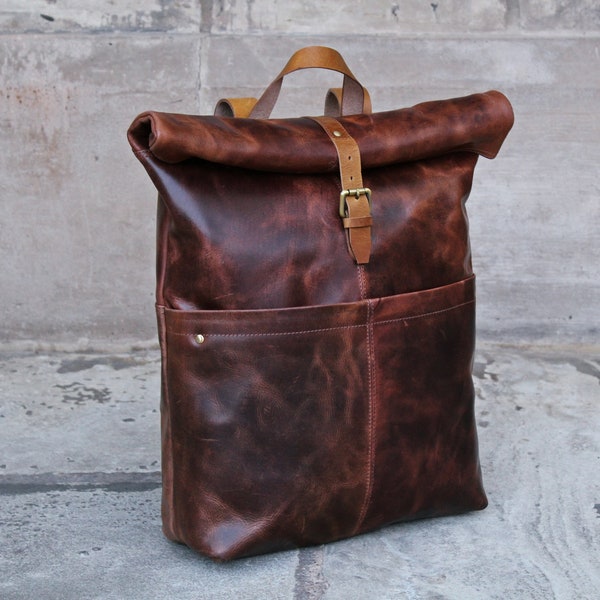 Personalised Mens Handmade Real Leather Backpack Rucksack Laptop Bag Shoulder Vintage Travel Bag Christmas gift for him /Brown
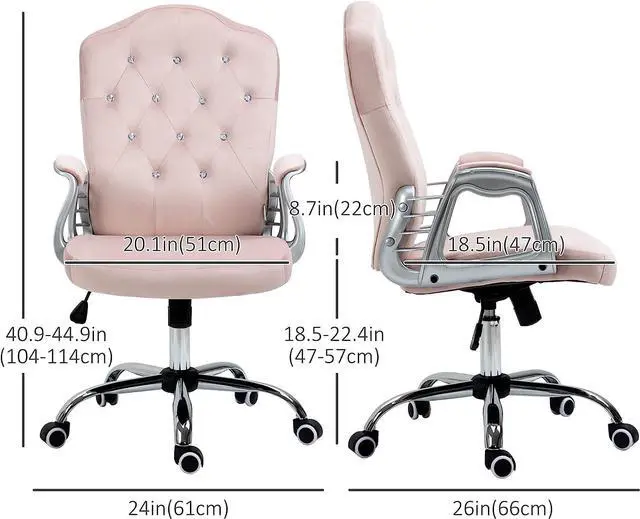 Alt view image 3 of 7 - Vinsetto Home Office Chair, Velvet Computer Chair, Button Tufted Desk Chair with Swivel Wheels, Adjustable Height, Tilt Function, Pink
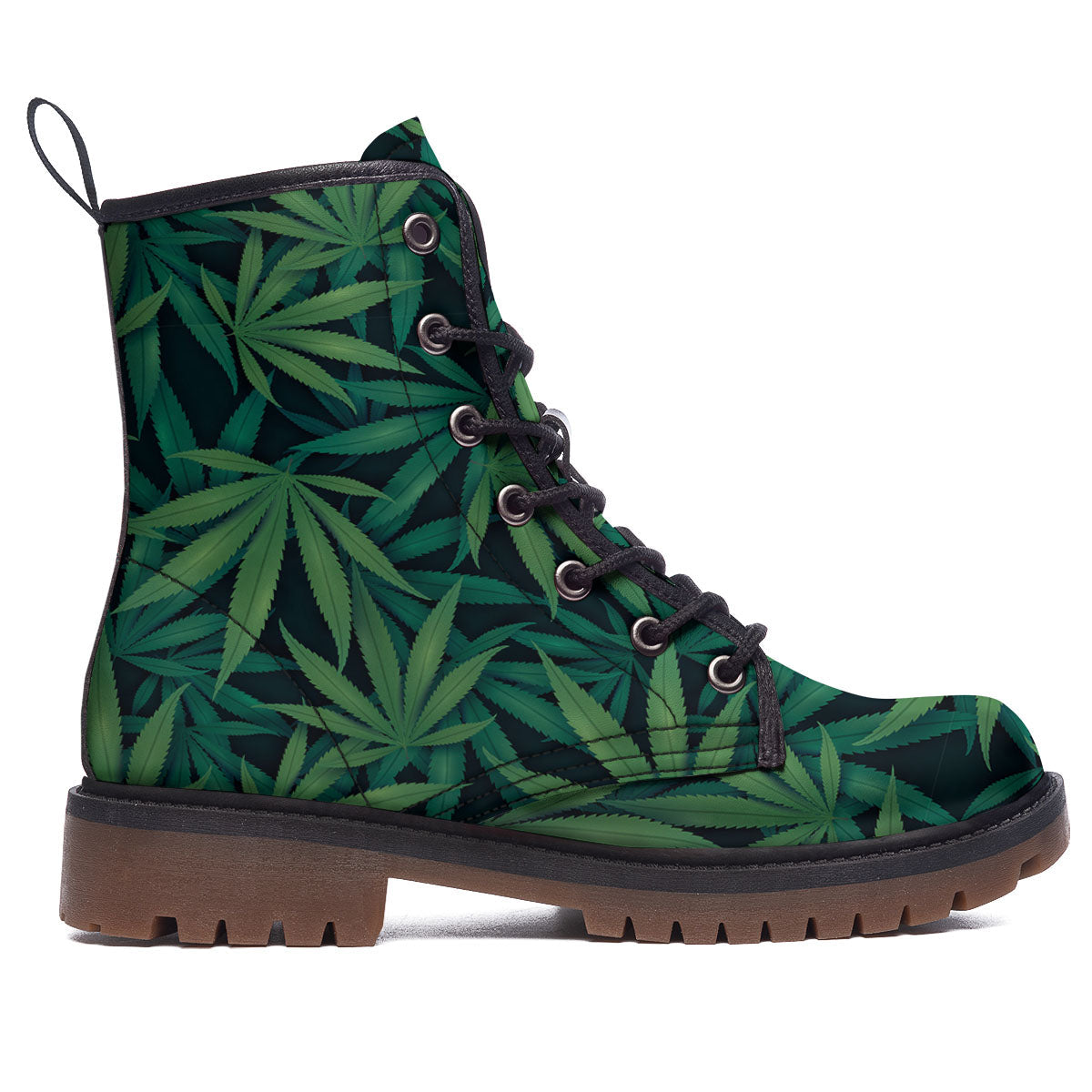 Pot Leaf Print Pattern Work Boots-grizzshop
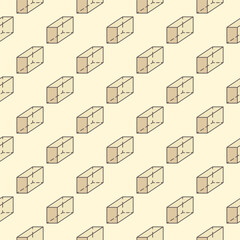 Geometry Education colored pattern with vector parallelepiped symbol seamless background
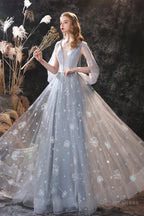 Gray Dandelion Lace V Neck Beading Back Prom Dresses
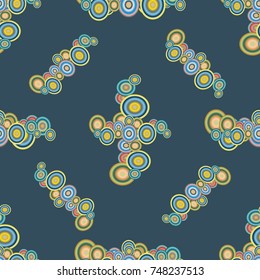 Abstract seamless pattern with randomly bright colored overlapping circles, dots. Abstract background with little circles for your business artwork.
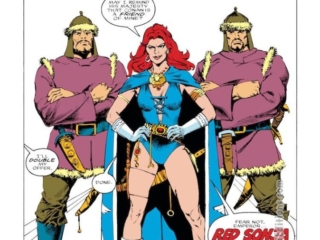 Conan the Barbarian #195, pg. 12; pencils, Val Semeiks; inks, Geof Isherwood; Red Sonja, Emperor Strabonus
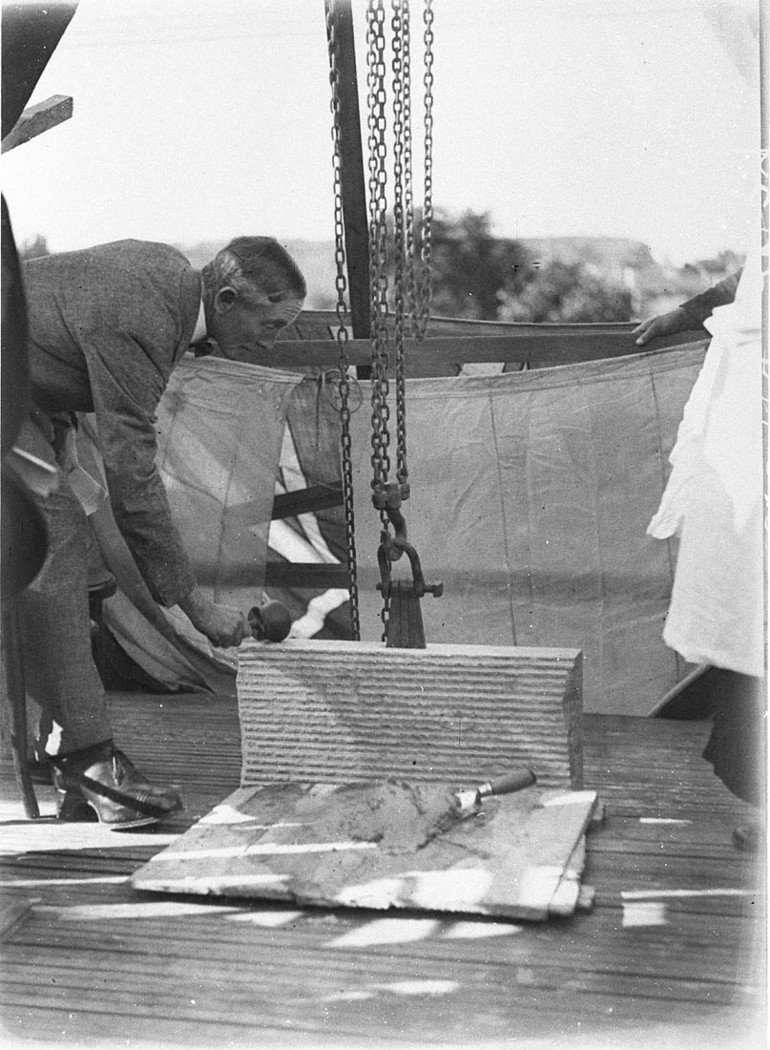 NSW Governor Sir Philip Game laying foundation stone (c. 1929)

———

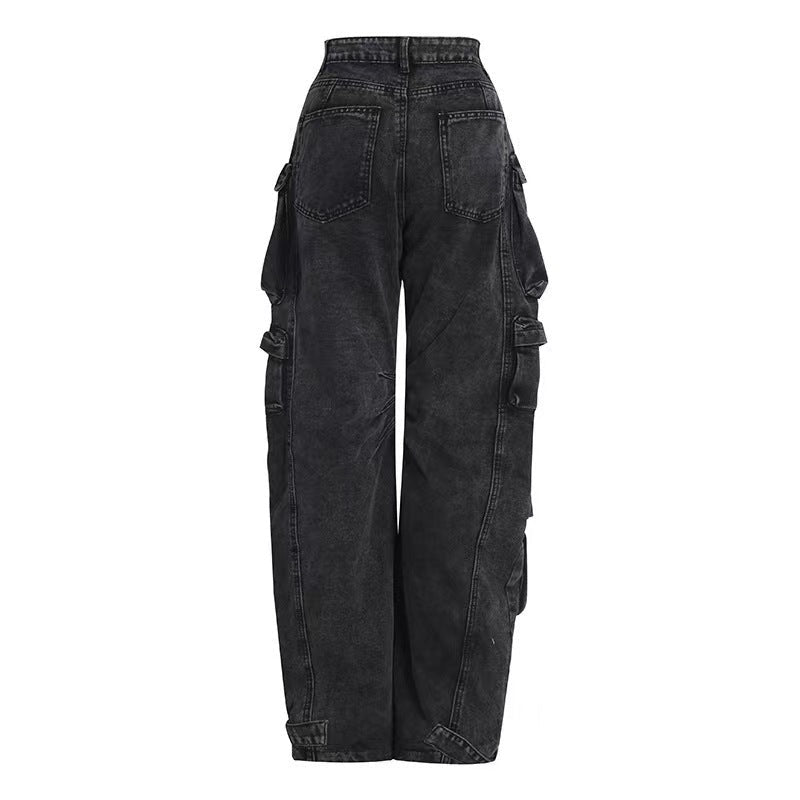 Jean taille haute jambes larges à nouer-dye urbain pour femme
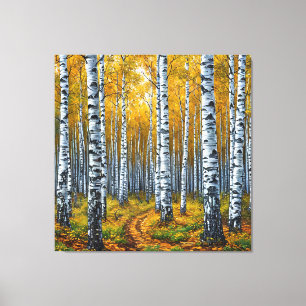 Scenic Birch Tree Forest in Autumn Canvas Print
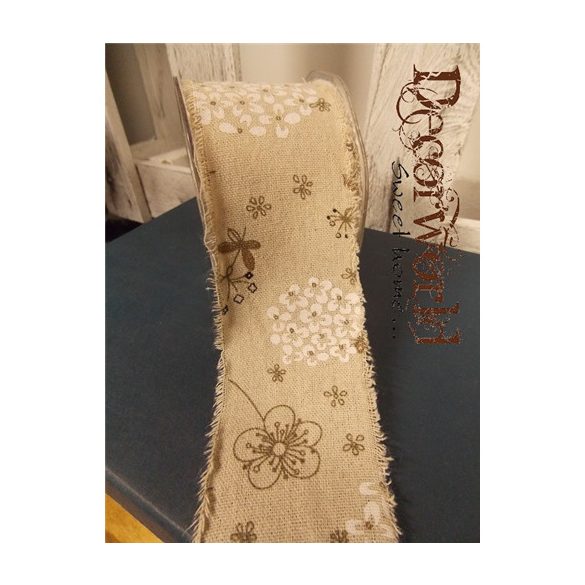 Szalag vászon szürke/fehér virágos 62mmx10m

———

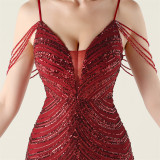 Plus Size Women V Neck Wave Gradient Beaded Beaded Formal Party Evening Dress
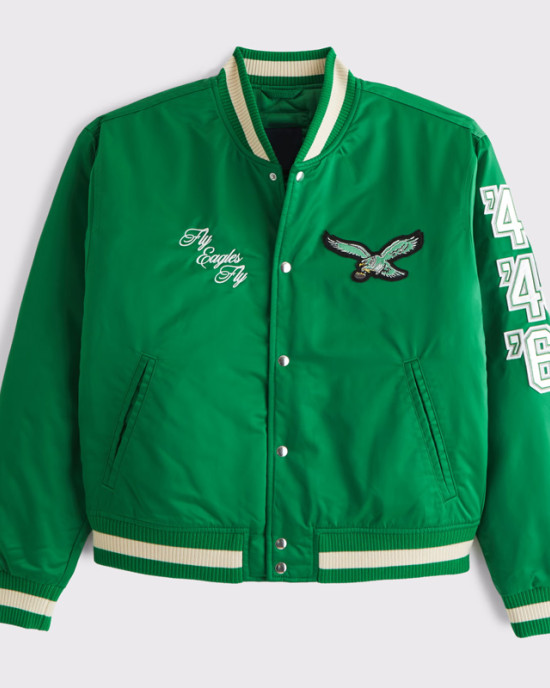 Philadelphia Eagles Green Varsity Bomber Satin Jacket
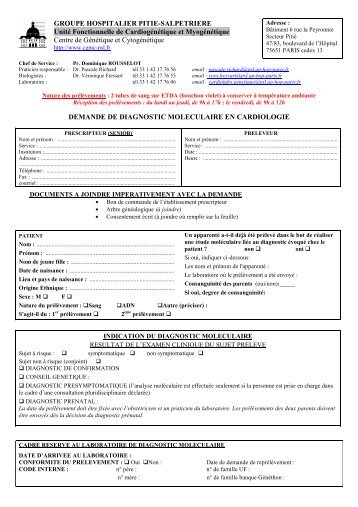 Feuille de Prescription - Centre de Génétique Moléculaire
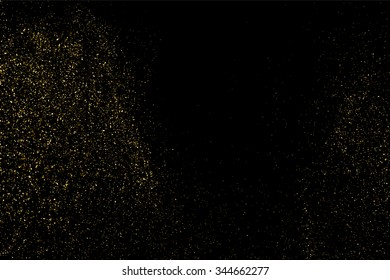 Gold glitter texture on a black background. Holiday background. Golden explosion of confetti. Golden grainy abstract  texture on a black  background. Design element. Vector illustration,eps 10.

———

--- Activity ---
Lines wanted from the entries above: the one with "Alt view image", the one with "NSW Governor Sir", and all lines between. Please copy them exactly, without the pictures and without anything else.

--- Solution to this exercise ---
 Alt view image 3 of 7 - Vinsetto Home Office Chair, Velvet Computer Chair, Button Tufted Desk Chair with Swivel Wheels, Adjustable Height, Tilt Function, Pink
 Pot Leaf Print Pattern Work Boots-grizzshop
 Geometry Education colored pattern with vector parallelepiped symbol seamless background
 Gray Dandelion Lace V Neck Beading Back Prom Dresses
 Abstract seamless pattern with randomly bright colored overlapping circles, dots. Abstract background with little circles for your business artwork.
 Conan the Barbarian #195, pg. 12; pencils, Val Semeiks; inks, Geof Isherwood; Red Sonja, Emperor Strabonus
 NSW Governor Sir Philip Game laying foundation stone (c. 1929)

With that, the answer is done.